Saturday, February 16, 2008

"Law Is Often But the Tyrant's Will"

Consider Thomas Jefferson's famous definition of individual liberty...

Rightful liberty is unobstructed action according to our will within limits drawn around us by the equal rights of others. I do not add 'within the limits of the law' because law is often but the tyrant's will, and always so when it violates the rights of the individual.

...while reading about President Bush's intention to veto the Senate ban on waterboarding [bold emphasis mine]:

Earlier, White House spokeswoman Dana Perino said the president would veto the measure because "the United States needs the ability to interrogate effectively, within the law, captured Al-Qaeda terrorists."

Democratic New York Senator Charles Schumer said that if Bush "vetoes intelligence authorization, he will be voting in favor of waterboarding."

Asked by a reporter if Bush, who leaves office in 2009, would be labeled as the first US president who favored torture, Perino rejected the assertion and dismissed Schumer's argument as "simplistic."

"Across the board people will see, over time, that this was a president who put in place tools to protect the country against terrorists," Perino said.

"The president does not favor torture.

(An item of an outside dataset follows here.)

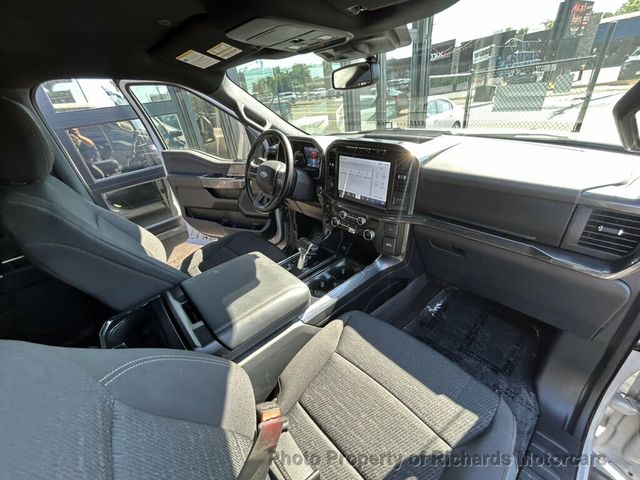 2023 Ford F-150 XLT 4WD SuperCrew 6.5' Box - 23075527 - 21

The president favors making sure we do all these programs within the law," she said, adding that "all the interrogations that have taken place in this country have been done in a legal way."

[...]

Perino said the United States does not currently use waterboarding, a simulated drowning technique denounced by rights groups as torture, even though the CIA has admitted using the technique in the past.

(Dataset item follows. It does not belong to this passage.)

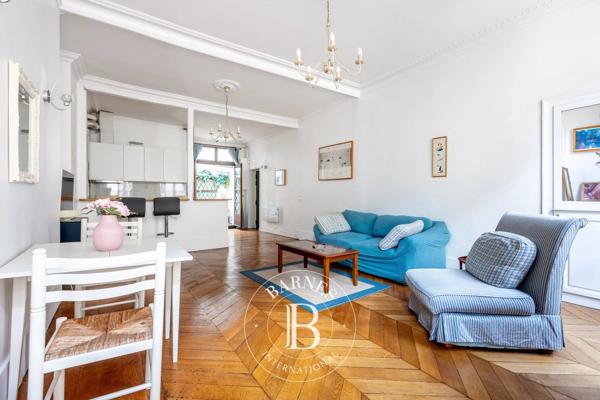 Paris 8ème, Appartement 1 Chambre -  58 m² à vendre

She reiterated the administration's assertion last week that it would not rule out the use of such techniques in the future. "As we said last week as well, we are not going to talk about what may or may not be lawful in the future."

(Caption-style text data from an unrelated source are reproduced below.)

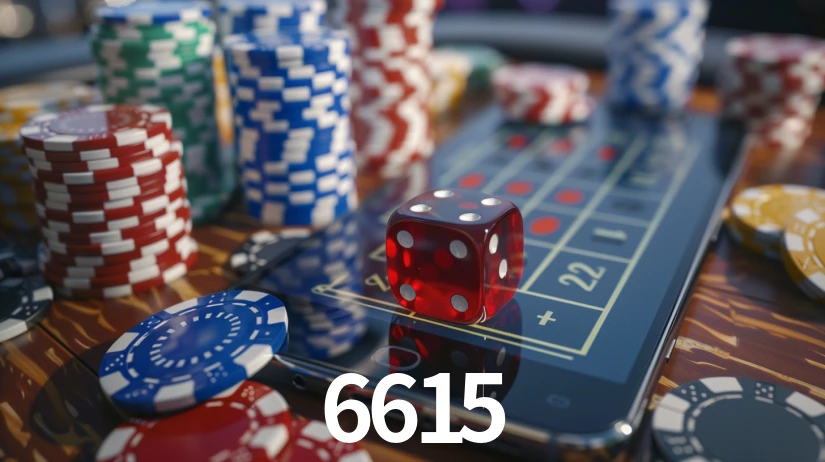 6615
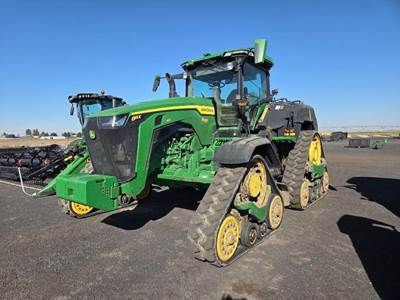 John Deere 8RX 410 Tractor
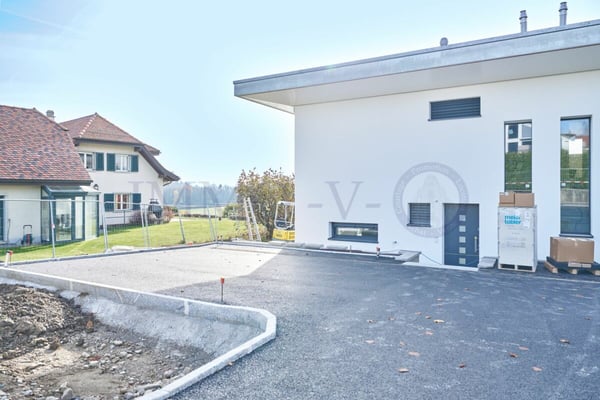 NEUVE DE STANDING AVEC JARDIN ET VUE SUR LA NATURE 15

Perhaps unwittingly, Perino gives away the administration's playbook: if the act is illegal, immoral or otherwise unacceptable, presto! Simply change the law - or the legal definition of "torture" - and go about your dirty business.

Jefferson warned of the dangers of equating the law with justice or fairness; indeed, most laws are incompatible with, and outright hostile to, individual liberty. So it's little surprise that Perino's argument, essentially, is: that which is legal may be done with impunity. And who decides what is legal? The executive dictator, his handpicked jurists, and a supine legislature, of course.

Thus the administration deploys legal positivism to justify torture and oppression. But it's legal and for your own protection, citizen.